Libre office calc and excel showing different value - python

I am trying to do some date parsing in python and while parsing I came to this weird error that said
time data 'nan' does not match format '%d/%m/%y'
As i checked my .csv file in libreoffice calc everything looked fine. No nan values what so ever. However when I checked it in excel(excel mobile version. Since I don't want to pay) I saw different value. Value that was shown as follows in different editor
Libre office calc - 11/09/93
excel - ########.
Here is a screenshot below:
How could I change it in LibreOffice or python so that it won't be treated as nan values but the real values like they should be.

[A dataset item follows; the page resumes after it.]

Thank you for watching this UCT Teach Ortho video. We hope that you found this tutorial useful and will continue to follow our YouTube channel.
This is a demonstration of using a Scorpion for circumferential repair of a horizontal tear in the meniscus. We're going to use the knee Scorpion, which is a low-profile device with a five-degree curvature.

I don't have much knowledge in excel and Libreoffice calc so any explanation to solve this simple issue would be welcome.
Here is the python code
import pandas as pd
from datetime import datetime as dt
loc = "C:/Data/"
season1993_94 = pd.read_csv(loc + '1993-94.csv')
def parse_date_type1(date):
if date == '':
return None
return dt.strptime(date, '%d/%m/%y').date()

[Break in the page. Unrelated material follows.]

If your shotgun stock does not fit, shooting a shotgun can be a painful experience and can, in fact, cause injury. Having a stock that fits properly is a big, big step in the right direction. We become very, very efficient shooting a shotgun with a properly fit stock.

def parse_date_type2(date):
if date == '':
return None
return dt.strptime(date, '%d/%m/%Y').date()
season1993_94.Date = season1993_94.Date.astype(str).apply(parse_date_type1)
Error:
<ipython-input-13-46ff7e1afe94> in <module>()

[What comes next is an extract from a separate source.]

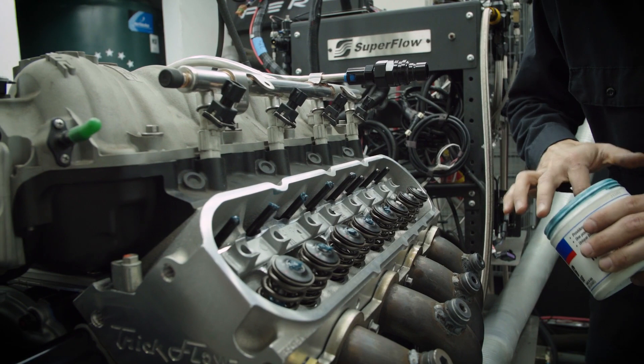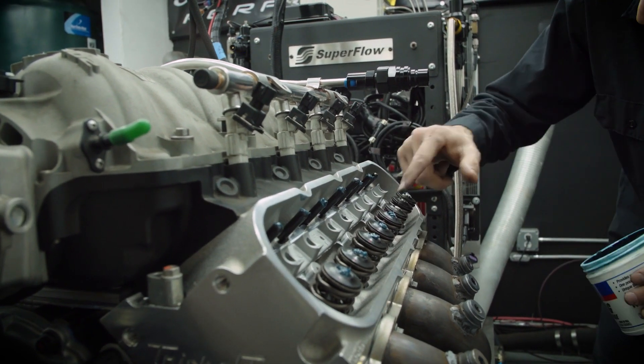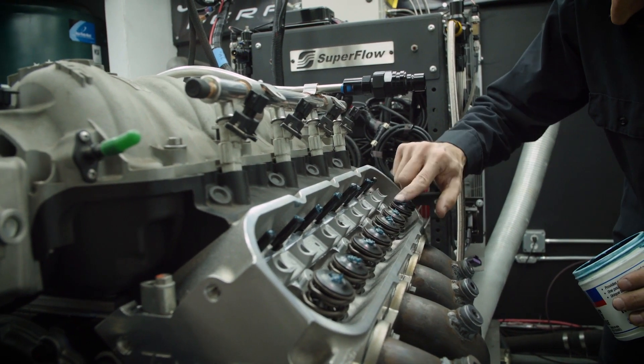A lot of this is going to get wiped away as soon as we prime it, but I still like to have a little bit of assembly lube on the tips of these valves especially — just extra insurance.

----> 1 season1993_94.Date = season1993_94.Date.astype(str).apply(parse_date_type1)
ValueError: time data 'nan' does not match format '%d/%m/%y'
PS: If the question seems inappropriate as per the context given, please feel free to edit it.

To see what is going on, use a text editor such as Notepad++. Viewing with Excel or Calc may not show the problem; at least, the problem cannot be seen from the images in the question.
The error occurs with a CSV file consisting of the following three lines.
Date,Place
28/08/93,Southampton
,Newcastle
Here is the solution, adapted from How to convert string to datetime with nulls - python, pandas?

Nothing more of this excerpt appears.